Le régime de l’auto-entrepreneur reprend celui de la micro-entreprise, sauf que le régime social est lui aussi ultra simplifié. Cela permet à l’entrepreneur de payer ses charges sociales au fur et à mesure du chiffre d’affaires effectué soit tous les mois, soit tous les trimestres. Et si aucun chiffre d’affaires n’est réalisé, aucune charge sociale n’est à payer.

EIRL

L’EIRL ne peut pas être considéré comme un 4e régime d’entreprise individuelle à part entière. En effet, il est accessible en complément de n’importe lequel des trois régimes évoqués ci-dessus. L’EIRL permet de limiter la responsabilité de l’entrepreneur grâce à la constitution d’un patrimoine d’affectation. Ainsi, l’entrepreneur différencie son patrimoine privé de celui de l’entreprise. Dans le cas de la micro-entreprise et de l’auto-entrepreneur il prend le nom d’AERL (auto-entreprise à responsabilité limitée).

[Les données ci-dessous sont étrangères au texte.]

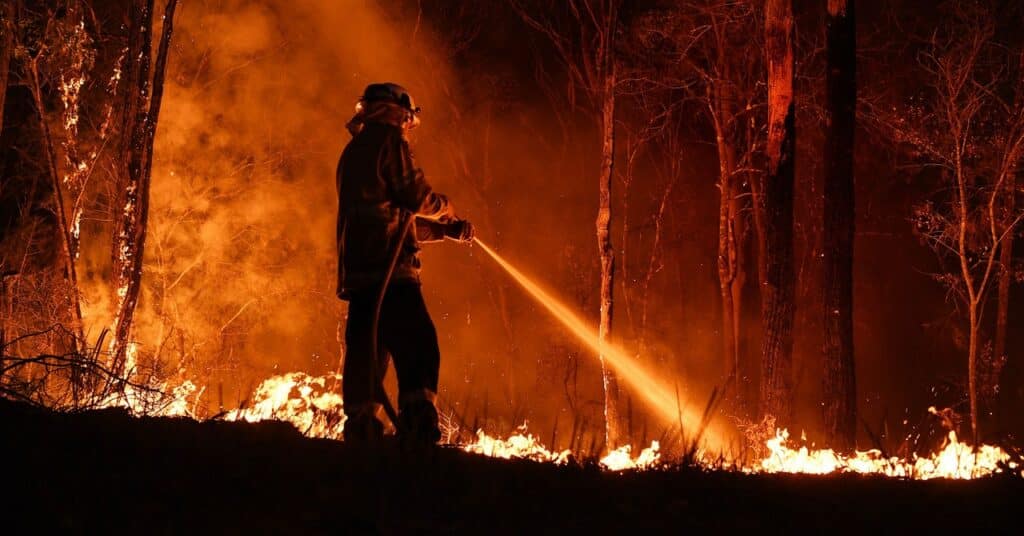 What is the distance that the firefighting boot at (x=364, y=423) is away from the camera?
5.62 m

Quelques récentes nouveautés du régime micro-entrepreneur

Une autre nouveauté est qu’en 2019, le créateur de microentreprise dans l’artisanat, le commerce ou en profession libérale non réglementée est pris en charge par la CPAM de son lieu de résidence pour le remboursement de ses soins. Et c’est la SSI qui le prend en charge pour le paiement d’une pension d’invalidité, le versement d’indemnités journalières et l’ouverture sous conditions de ses droits à la couverture maladie universelle complémentaire (CMU-C).

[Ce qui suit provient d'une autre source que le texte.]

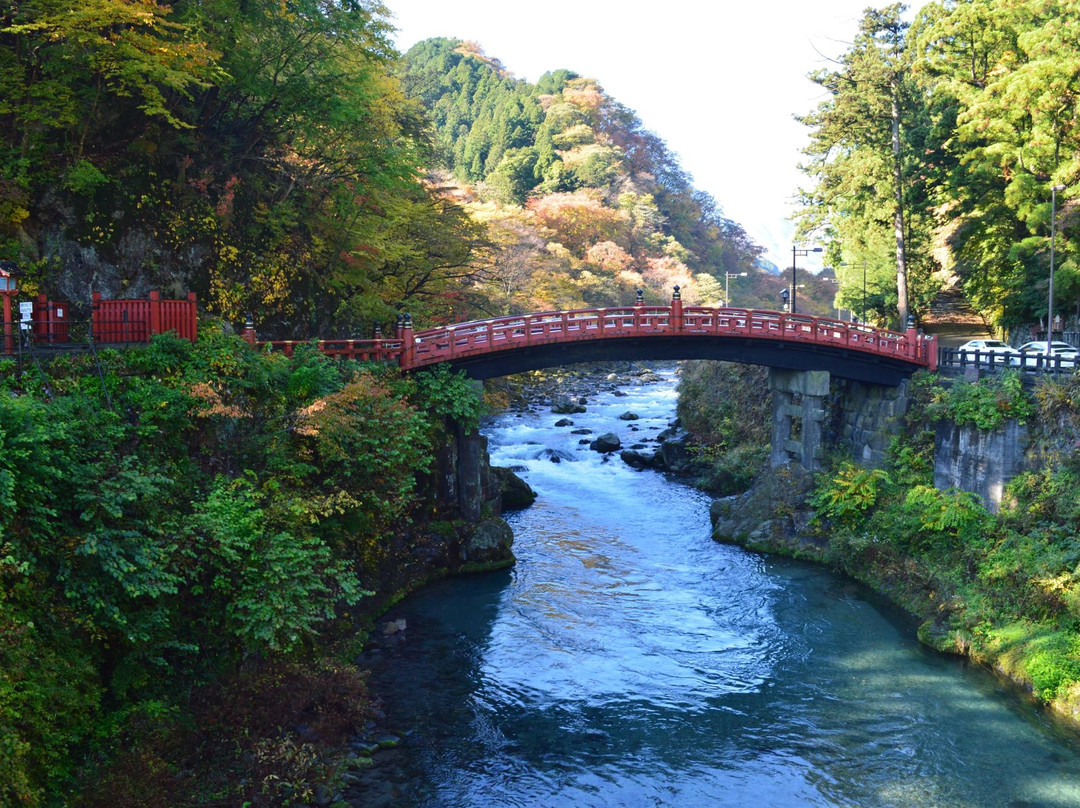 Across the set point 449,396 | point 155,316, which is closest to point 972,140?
point 449,396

Si vous êtes un artisan ou un commerçant et que vous avez créé votre micro-entreprise à une date antérieure à 2019, en cas de maladie, vous restez affilié à la Sécurité sociale des indépendants jusqu’en 2020. Vous en saurez plus sur les nouveautés du régime micro-entrepreneur en consultant le dossier qui en est dédié sur le site de JobPhoning.

De profondes réformes ont été effectuées en 2018 afin de rendre le régime du micro-entrepreneur plus dynamique. L’une des nouveautés est l’exonération des cotisations sociales qui touchent l’assurance maladie de la personne, la retraite de base, la maternité, l’invalidité décès et les prestations familiales. Depuis le 1er janvier 2019, tout micro-entrepreneur est automatiquement exonéré de cotisations sociales de façon dégressive sur une durée de 3 ans, avec la déclaration de début d’activité à l’Urssaf. En outre, son chiffre d’affaires annuel pour 2019 ne doit pas dépasser 139 738 € pour une activité d’achat-vente, 81 048 € pour les prestations de services BIC et 61 400 € pour les professions libérales.